• Activity
Reproduce only the lines below from the line containing "First, load the" to the line containing "to make another", exactly as written, with both end lines kept. Omit the pictures.

• Information shown
━━━━━━━━━━━━━━━━━━━━

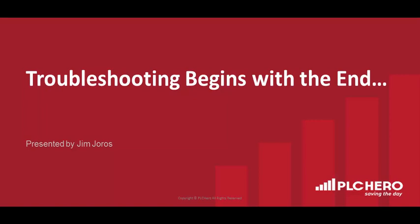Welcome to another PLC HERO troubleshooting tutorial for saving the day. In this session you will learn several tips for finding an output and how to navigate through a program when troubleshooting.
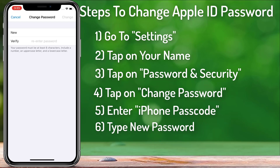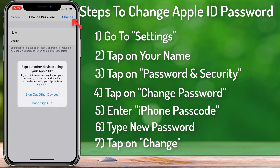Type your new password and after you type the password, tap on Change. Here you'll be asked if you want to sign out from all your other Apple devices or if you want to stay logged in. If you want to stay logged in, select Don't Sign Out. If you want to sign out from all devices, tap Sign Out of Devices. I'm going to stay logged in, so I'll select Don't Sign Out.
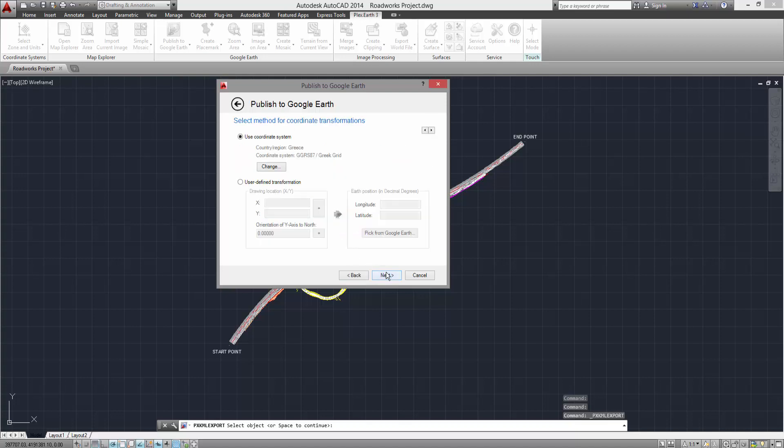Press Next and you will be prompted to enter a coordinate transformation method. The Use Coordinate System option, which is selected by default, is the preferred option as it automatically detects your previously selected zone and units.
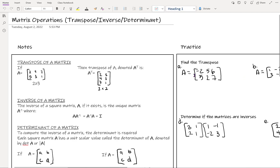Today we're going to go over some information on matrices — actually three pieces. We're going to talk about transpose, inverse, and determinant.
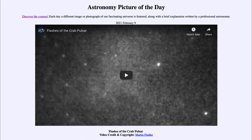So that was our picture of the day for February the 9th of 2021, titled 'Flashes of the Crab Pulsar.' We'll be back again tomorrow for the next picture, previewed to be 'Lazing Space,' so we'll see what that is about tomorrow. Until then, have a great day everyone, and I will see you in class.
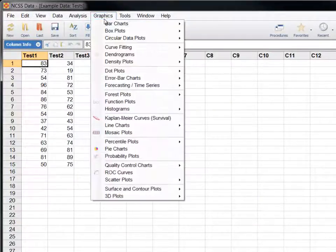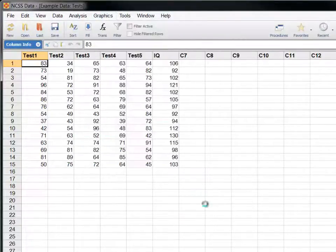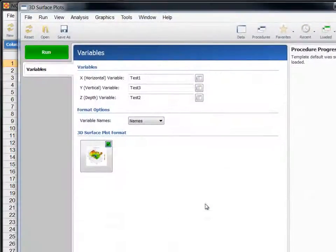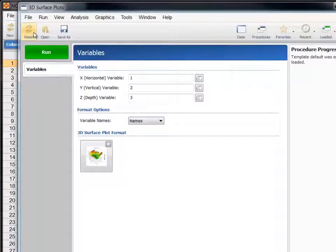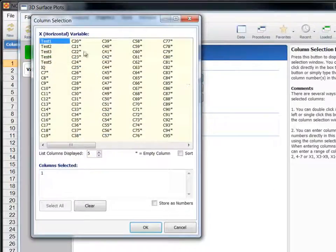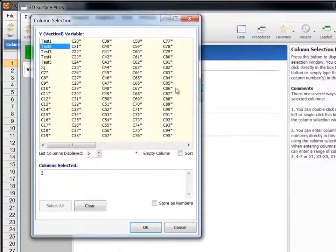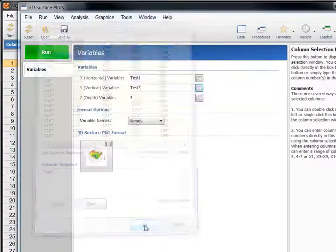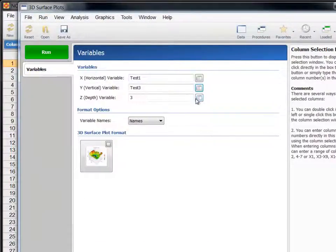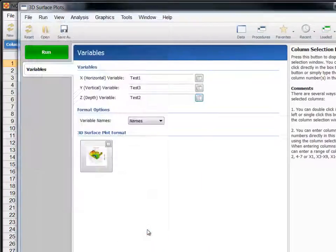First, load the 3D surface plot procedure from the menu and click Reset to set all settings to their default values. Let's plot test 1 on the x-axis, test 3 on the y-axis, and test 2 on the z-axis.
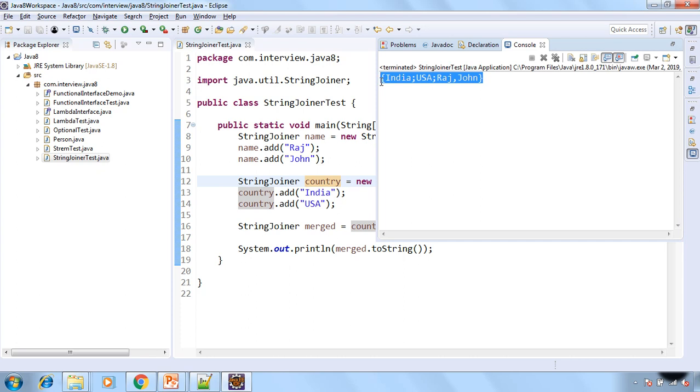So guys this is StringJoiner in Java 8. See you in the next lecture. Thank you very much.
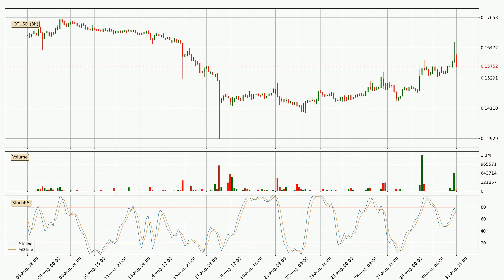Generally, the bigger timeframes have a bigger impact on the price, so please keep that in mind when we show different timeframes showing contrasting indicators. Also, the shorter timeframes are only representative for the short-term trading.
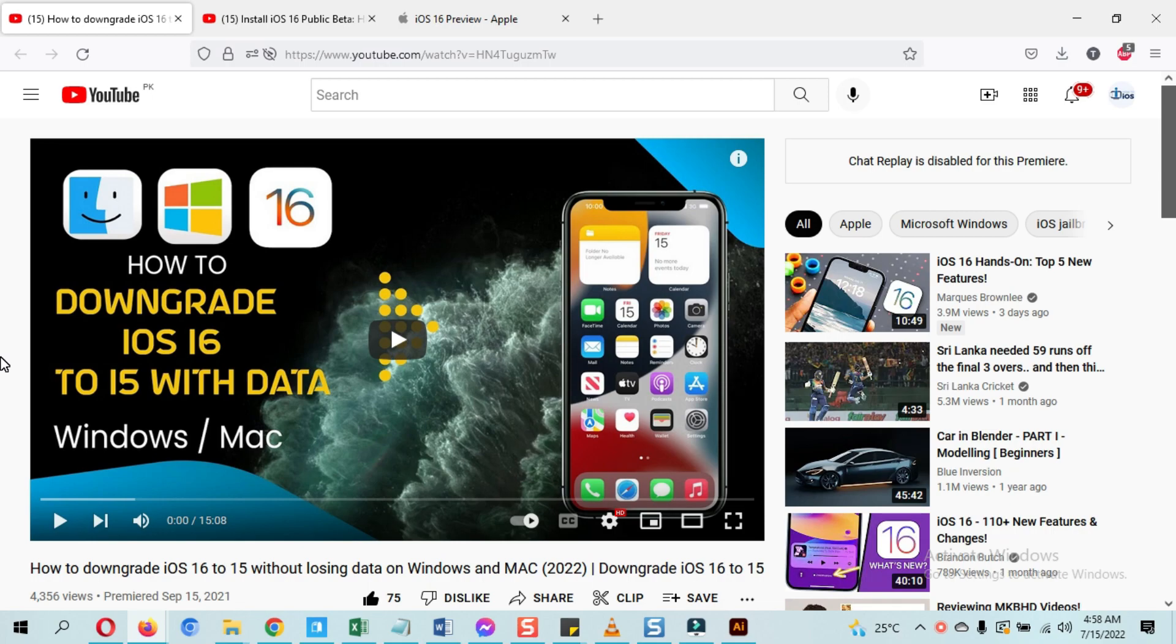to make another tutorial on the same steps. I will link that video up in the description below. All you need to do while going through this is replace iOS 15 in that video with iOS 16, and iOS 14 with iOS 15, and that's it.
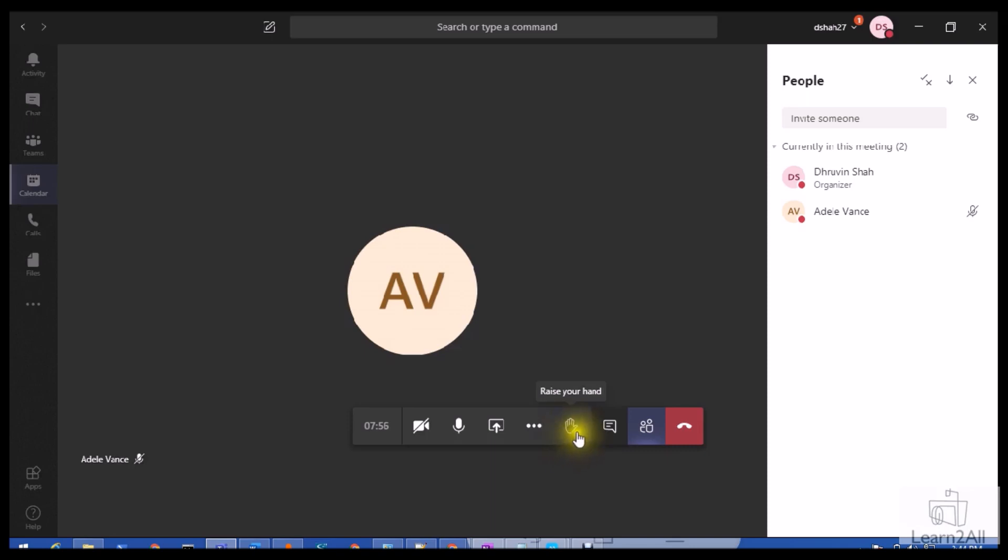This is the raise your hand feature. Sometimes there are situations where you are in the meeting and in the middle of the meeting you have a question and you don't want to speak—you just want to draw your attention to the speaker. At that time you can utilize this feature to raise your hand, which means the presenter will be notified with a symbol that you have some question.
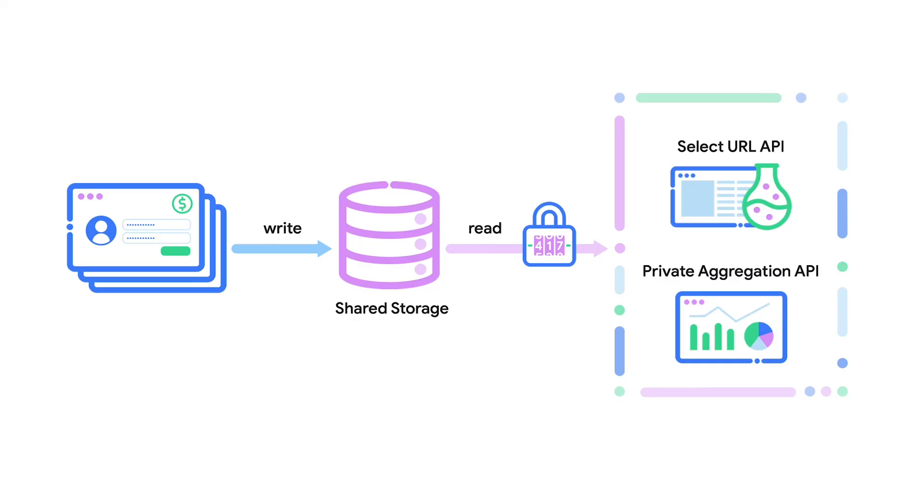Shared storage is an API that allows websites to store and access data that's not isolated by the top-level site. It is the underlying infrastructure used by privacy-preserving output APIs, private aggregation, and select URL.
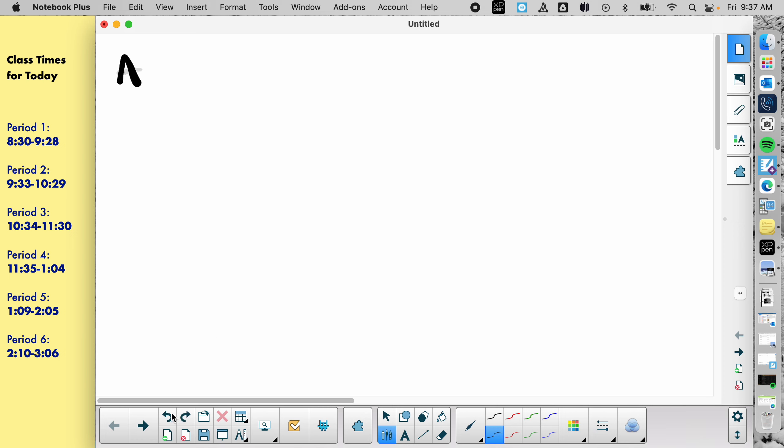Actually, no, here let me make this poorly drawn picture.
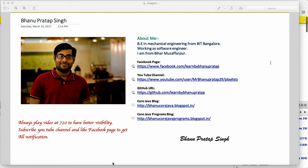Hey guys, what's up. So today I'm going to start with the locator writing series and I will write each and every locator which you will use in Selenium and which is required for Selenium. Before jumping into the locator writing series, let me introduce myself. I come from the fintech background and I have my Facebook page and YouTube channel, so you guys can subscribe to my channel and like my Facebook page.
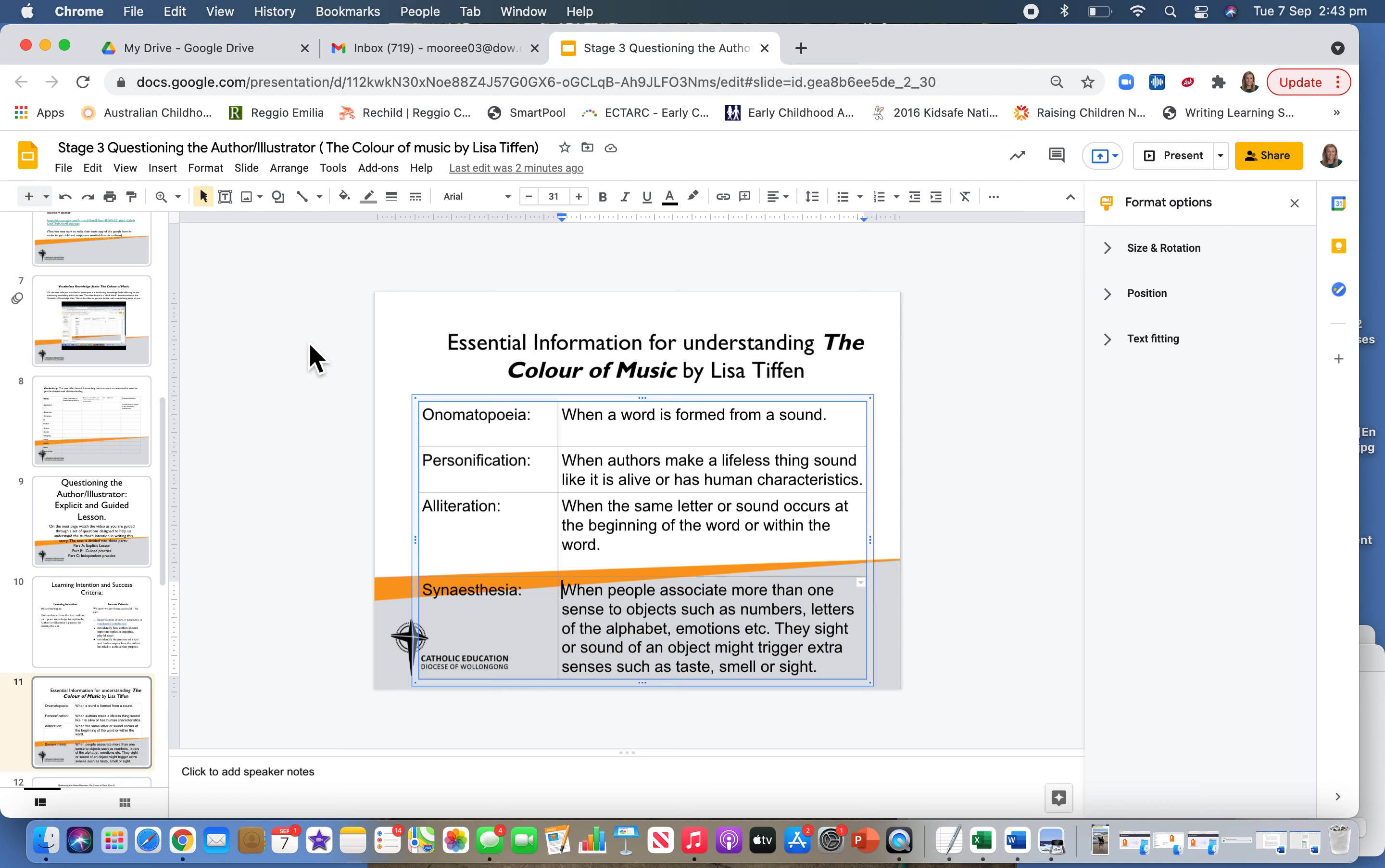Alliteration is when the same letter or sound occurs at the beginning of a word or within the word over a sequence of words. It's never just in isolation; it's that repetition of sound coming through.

━━━━━━━━━━━━━━━━━━━━

• Output for this exercise
First, load the 3D surface plot procedure from the menu and click Reset to set all settings to their default values. Let's plot test 1 on the x-axis, test 3 on the y-axis, and test 2 on the z-axis.
So guys this is StringJoiner in Java 8. See you in the next lecture. Thank you very much.
Generally, the bigger timeframes have a bigger impact on the price, so please keep that in mind when we show different timeframes showing contrasting indicators. Also, the shorter timeframes are only representative for the short-term trading.
to make another tutorial on the same steps. I will link that video up in the description below. All you need to do while going through this is replace iOS 15 in that video with iOS 16, and iOS 14 with iOS 15, and that's it.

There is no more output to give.